6. Pictures say it all - Display online photos of yourself doing what you do. Post shots of you writing in your office, at book signings, speaking at conferences, workshops, and even doing research. 
7. Invest in yourself – It does take money to build a platform.  Make the most of the resources and tools you already have.  Take time to post an ad or affiliate link on your website or blog.
8. Plan an event - Plan an event with a time limit (like one week only, or 30 days). Create an exciting environment surrounding the genre you write.  Draw in your readers and encourage them to interact with one another.  Be loyal to your fans and they will be loyal to you and keep coming back for more.
9. It’s free – Correlate an item that coincides with your book (genre) and give it away for free.  I write Indian historicals and did a giveaway drawing for a dream catcher I made. People love free.
10. Write-down your ideas – We get new ideas at the most unexpected times.  Reading will give us ideas, a movie, magazine, a conversation, or even in a dream.  You tell yourself you’re going to remember it – and then all you remember is thinking you’ll remember it!  You must get in the habit of writing your ideas down.  Carry a small notebook in your purse and make sure you keep a flashlight and pad and pencil by your bedside.  Spend time brain-storming ideas and jotting them down into your notebook.
11.  Don’t reinvent the wheel – Articles and blogs you’ve already written should be redistributed to new outlets.  There is always a ‘new’ place for old writing – make it work for you all over again.
12. Do reviews – If you take the time to read a book – take the time to do a review.  Post your review on sites like GoodReads, Amazon.com and Red Room. Singing the praises of your all-time favorites will get your name out there too.
13. Involve your readers – We all like a little fun and with a reward . . . how fun is that?   Get your reader to respond to a photo, clue or game, or create a fun riddle.  If they answer – enter them in a drawing for a free book, calendar, or signed postcard.  
14. Always respond - It only takes a couple of minutes to reply to those who took time to comment on your blog. Thank people who enter contests.  It’s worth your while to spend a little time with those who’ve gone out of their way to connect with you.  Bottom line – it’s great to make new friends.

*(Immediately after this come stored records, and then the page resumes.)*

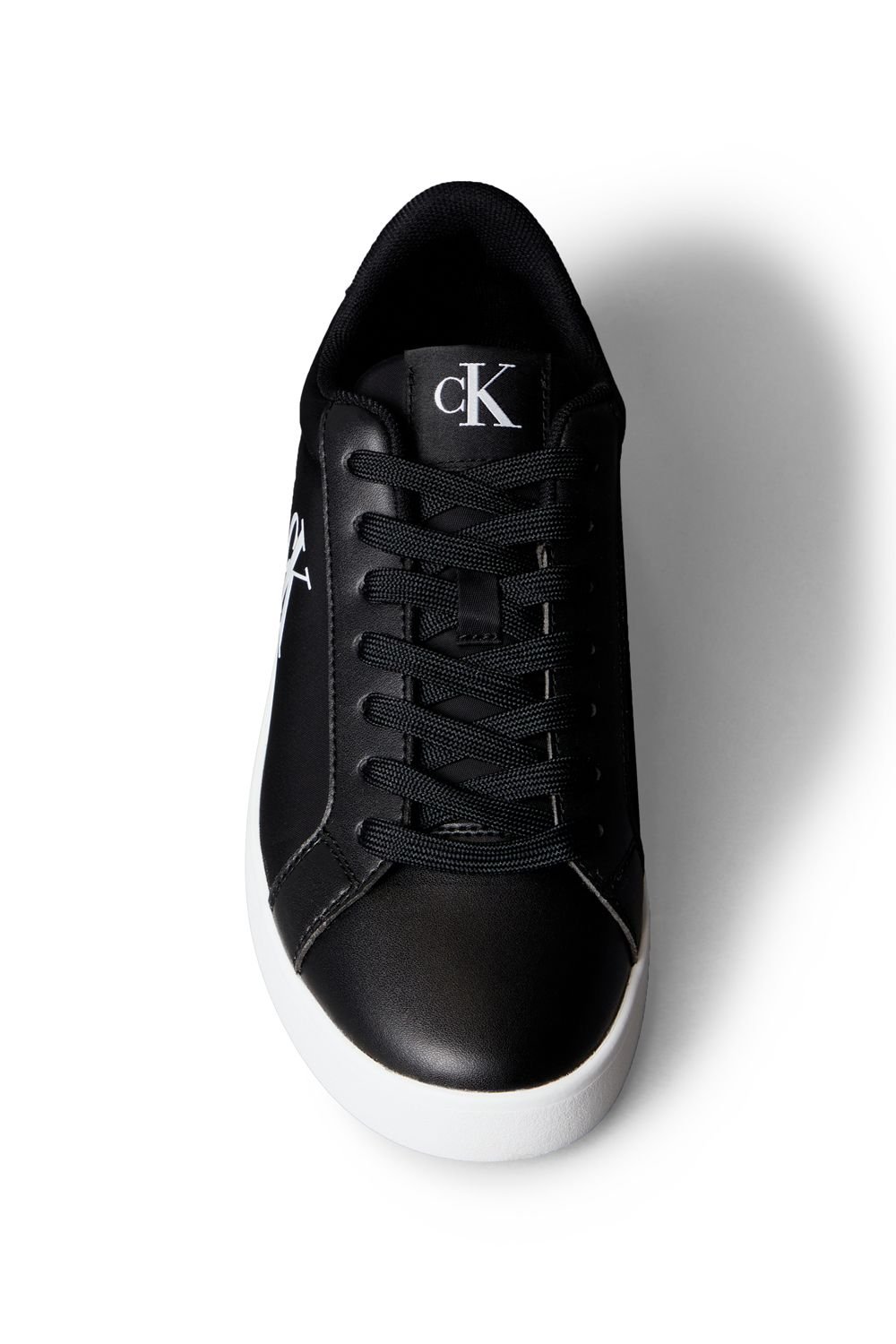 Calvin Klein Calvin Klein Women's 3 Cupsole Laceup Pu Mg Ck Black - 4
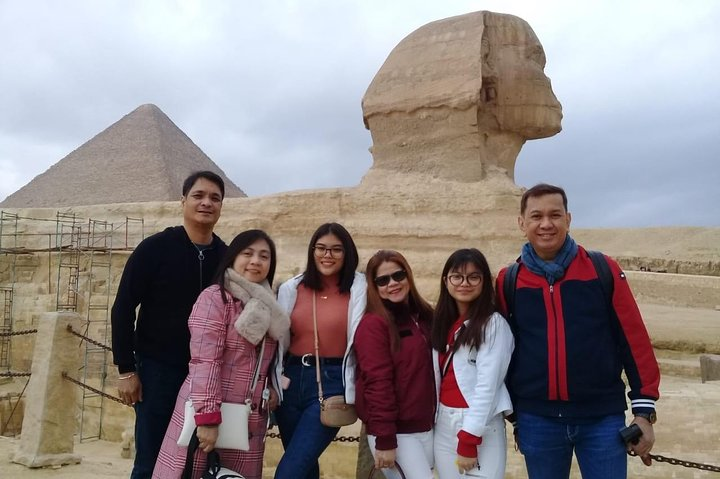 half day tour Pyramids of Giza and Sphinx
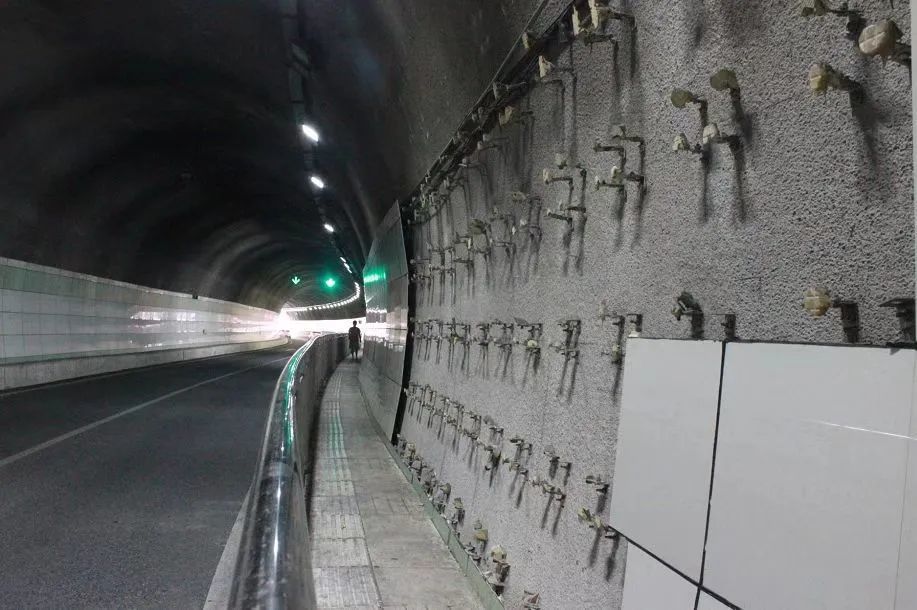 巴南花溪隧道拆除图片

15. Do you want a partnerships?  Is there someone out there you’d love to form a partnership with?  They won’t know unless you ask.  Like Ginger did when she asked if I’d like to partner-up her on Dishin’ it Out.  I was totally surprised, honored, and excited!   There should be no strings attached — but real partnerships should be equally beneficial with both participants gaining something specific.  Who would you like to be partner with?  Reach out to them.